Did you know NOT to add water to the bag when you bring home new fish?? That’s right, no water goes into the bag. Float the bag on the water for up to 30 minutes, then lift the fish out and into clean water.
Here’s why: If the fish has spent any length of time in that bag, say 3+ hours, (maybe even 7+ hours if you bought him at a show) then while inside that bag, in the little bit of water with the pure oxygen, sealed by a rubber band, that fish is breathing!
Okay, and the fish’s breathing produces carbon dioxide which combines with the water producing carbonic acid. This in turn reduces the pH and turns the ammonia into harmless ammonium. Great! But when you open the bag, some of the CO2 will escape, causing the pH to begin its rise.
THEN if you add pond water, with its own pH of 7.0 or 8.0, you are in effect returning the ammonia in the bag to its toxic form and burning the fish’s gills, if not outright signing the death certificate for the poor fish.
That fish may live another eight months before dying, so by that time you will be really confused as to what caused this perfectly healthy-looking fish to expire, right? Well, the cause of death was ammonia on the day it arrived at your home. Please don’t blame yourself if you were given the wrong information.

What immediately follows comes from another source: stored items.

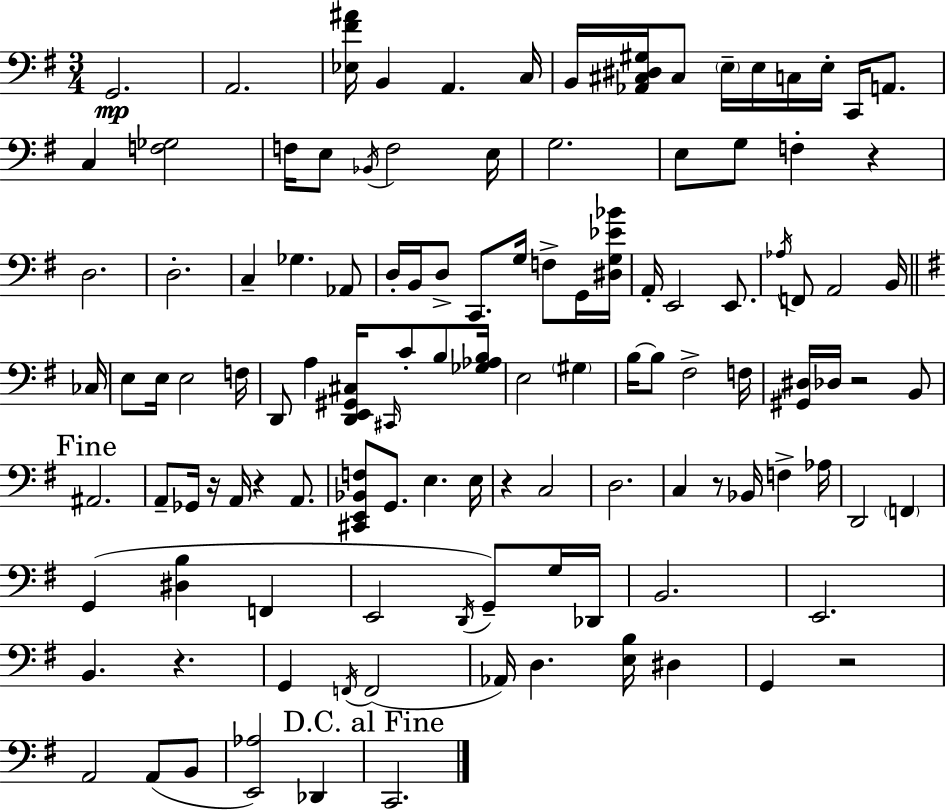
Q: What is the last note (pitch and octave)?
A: C2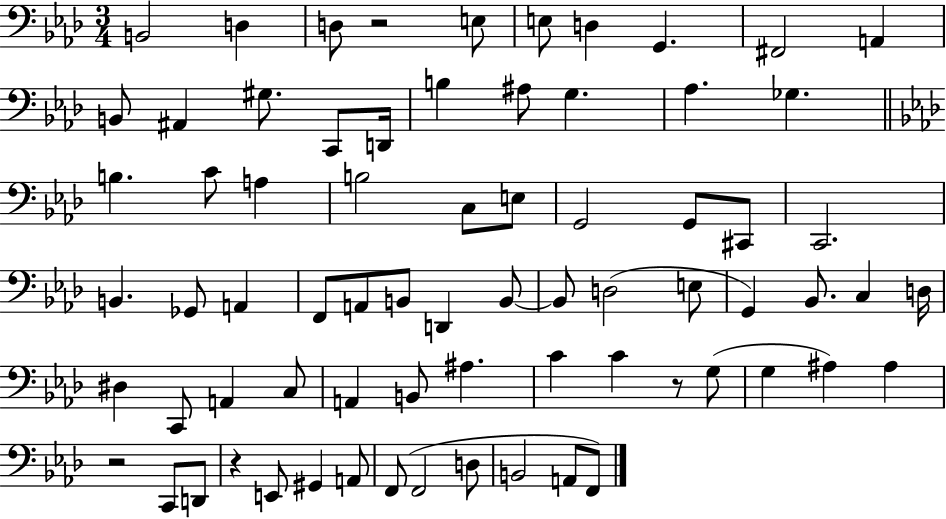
{
  \clef bass
  \numericTimeSignature
  \time 3/4
  \key aes \major
  \repeat volta 2 { b,2 d4 | d8 r2 e8 | e8 d4 g,4. | fis,2 a,4 | \break b,8 ais,4 gis8. c,8 d,16 | b4 ais8 g4. | aes4. ges4. | \bar "||" \break \key aes \major b4. c'8 a4 | b2 c8 e8 | g,2 g,8 cis,8 | c,2. | \break b,4. ges,8 a,4 | f,8 a,8 b,8 d,4 b,8~~ | b,8 d2( e8 | g,4) bes,8. c4 d16 | \break dis4 c,8 a,4 c8 | a,4 b,8 ais4. | c'4 c'4 r8 g8( | g4 ais4) ais4 | \break r2 c,8 d,8 | r4 e,8 gis,4 a,8 | f,8( f,2 d8 | b,2 a,8 f,8) | \break } \bar "|."
}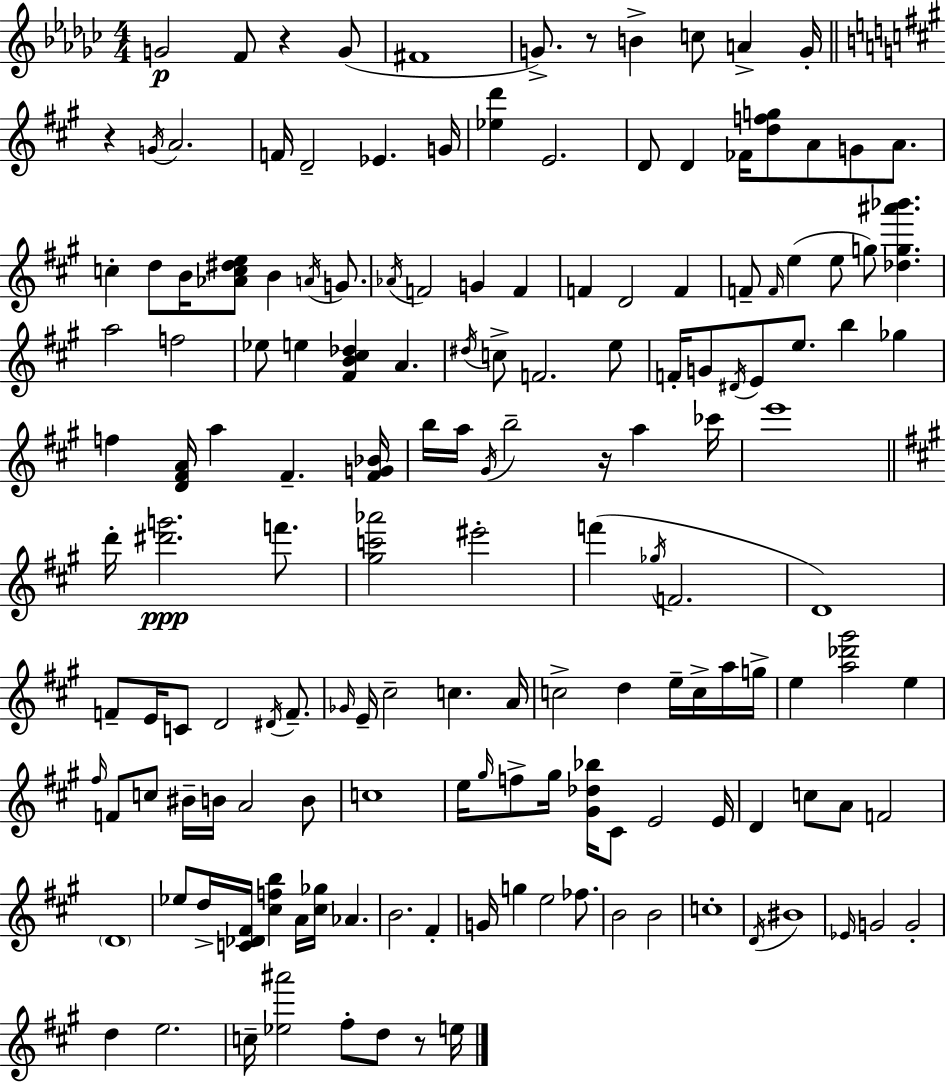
G4/h F4/e R/q G4/e F#4/w G4/e. R/e B4/q C5/e A4/q G4/s R/q G4/s A4/h. F4/s D4/h Eb4/q. G4/s [Eb5,D6]/q E4/h. D4/e D4/q FES4/s [D5,F5,G5]/e A4/e G4/e A4/e. C5/q D5/e B4/s [Ab4,C5,D#5,E5]/e B4/q A4/s G4/e. Ab4/s F4/h G4/q F4/q F4/q D4/h F4/q F4/e F4/s E5/q E5/e G5/e [Db5,G5,A#6,Bb6]/q. A5/h F5/h Eb5/e E5/q [F#4,B4,C#5,Db5]/q A4/q. D#5/s C5/e F4/h. E5/e F4/s G4/e D#4/s E4/e E5/e. B5/q Gb5/q F5/q [D4,F#4,A4]/s A5/q F#4/q. [F#4,G4,Bb4]/s B5/s A5/s G#4/s B5/h R/s A5/q CES6/s E6/w D6/s [D#6,G6]/h. F6/e. [G#5,C6,Ab6]/h EIS6/h F6/q Gb5/s F4/h. D4/w F4/e E4/s C4/e D4/h D#4/s F4/e. Gb4/s E4/s C#5/h C5/q. A4/s C5/h D5/q E5/s C5/s A5/s G5/s E5/q [A5,Db6,G#6]/h E5/q F#5/s F4/e C5/e BIS4/s B4/s A4/h B4/e C5/w E5/s G#5/s F5/e G#5/s [G#4,Db5,Bb5]/s C#4/e E4/h E4/s D4/q C5/e A4/e F4/h D4/w Eb5/e D5/s [C4,Db4,F#4]/s [C#5,F5,B5]/q A4/s [C#5,Gb5]/s Ab4/q. B4/h. F#4/q G4/s G5/q E5/h FES5/e. B4/h B4/h C5/w D4/s BIS4/w Eb4/s G4/h G4/h D5/q E5/h. C5/s [Eb5,A#6]/h F#5/e D5/e R/e E5/s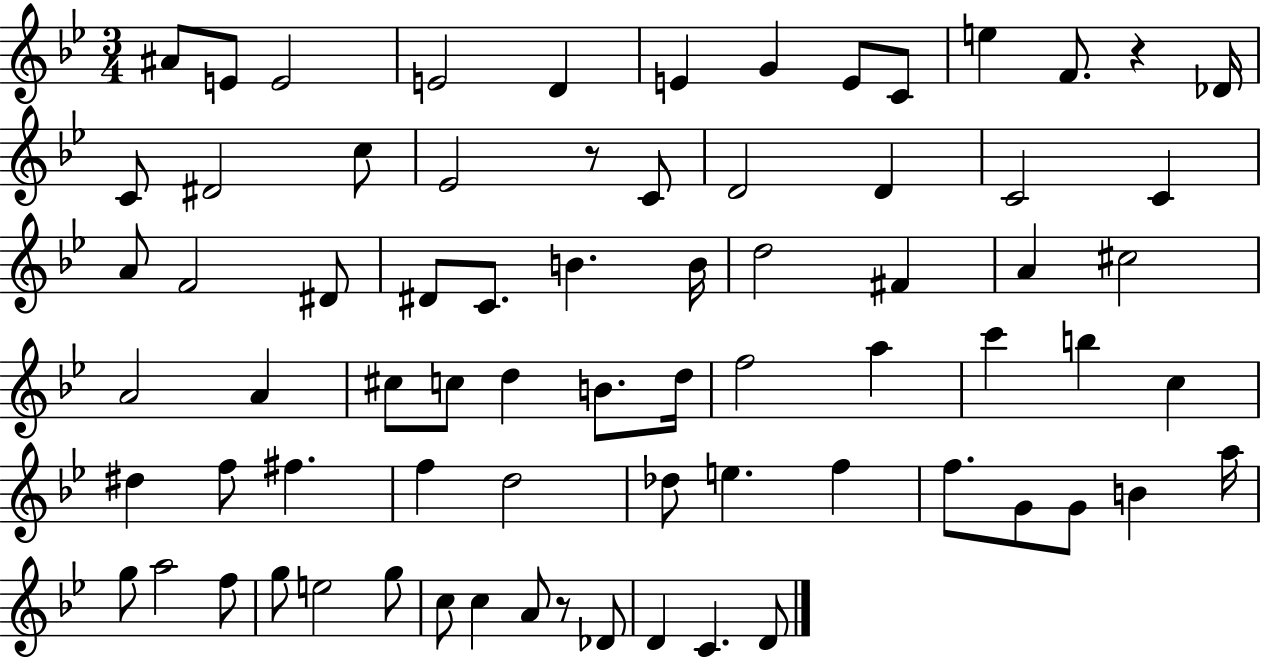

Many people still think that is the right way to acclimate fish. But be forewarned, it is not, and in the end your fish will pay for it. Courtesy of Norm Meck, the water quality expert of the AKCA’s KHA program.
Dechlorinator (sodium thiosulfate) products work great on chlorine! But what about chloramine?
Another thing I learned about chloramine is that it is actually a combined form of chlorine and ammonia. So, when you use a dechlorinator to remove chlorine on water containing chloramine, you will be releasing AMMONIA into the pond! Sooooo, you need to address the ammonia properties along with the chlorine in the new water to avoid a fish kill! MICROBE-LIFT/Dechlorinator Plus and ML/Ammonia Remover will handle chloramines in the water when used together. LaMotte and others have test kits for chloramine. Ecological Laboratories recommends: Measure the chloramine and ammonia levels. If there is greater than 2.0 PPM chloramine, double up on the Ammonia Remover for one day and monitor the ammonia levels for three days adding more ammonia remover as required. Add more Ammonia Remover if the ammonia level in the pond goes above 0.6 PPM.